* Task objective *
Among the entries that follow, locate the line with "20202021nba季前赛录像回放,2020一2021nba季前赛录像回放" and the line with "Betssonova dominacija u klađenju na eSport". Output those lines and all lines in between, exactly, minus the pictures.

* Given records *
┄┄┄┄┄┄┄┄┄┄┄┄┄┄┄┄┄┄┄┄
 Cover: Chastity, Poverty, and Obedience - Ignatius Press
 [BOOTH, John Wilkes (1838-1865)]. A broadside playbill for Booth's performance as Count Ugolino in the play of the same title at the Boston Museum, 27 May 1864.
┄┄┄┄┄┄┄┄┄┄┄┄┄┄┄┄┄┄┄┄
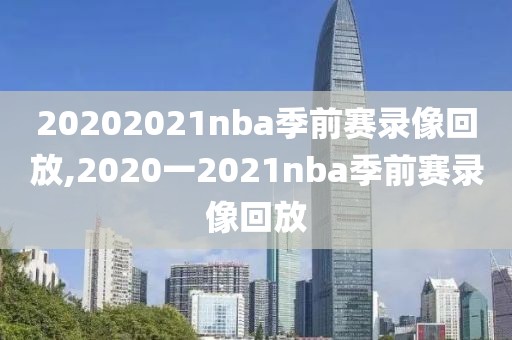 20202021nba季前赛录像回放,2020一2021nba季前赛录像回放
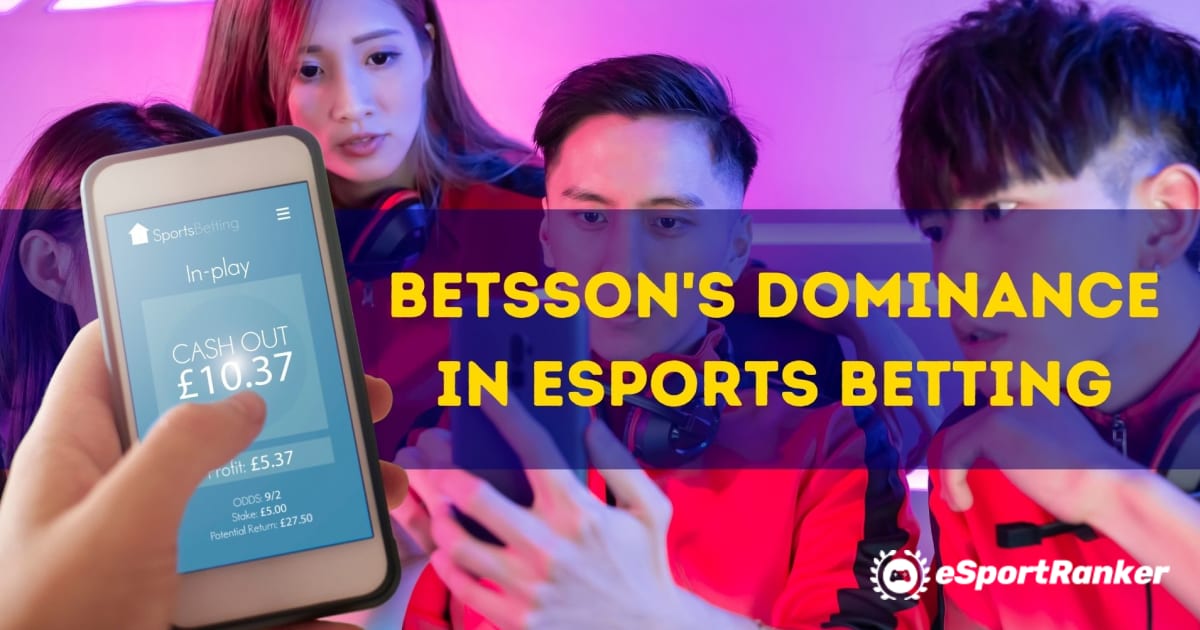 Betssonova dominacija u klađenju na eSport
┄┄┄┄┄┄┄┄┄┄┄┄┄┄┄┄┄┄┄┄
* Exercise solution *
 20202021nba季前赛录像回放,2020一2021nba季前赛录像回放
 Betssonova dominacija u klađenju na eSport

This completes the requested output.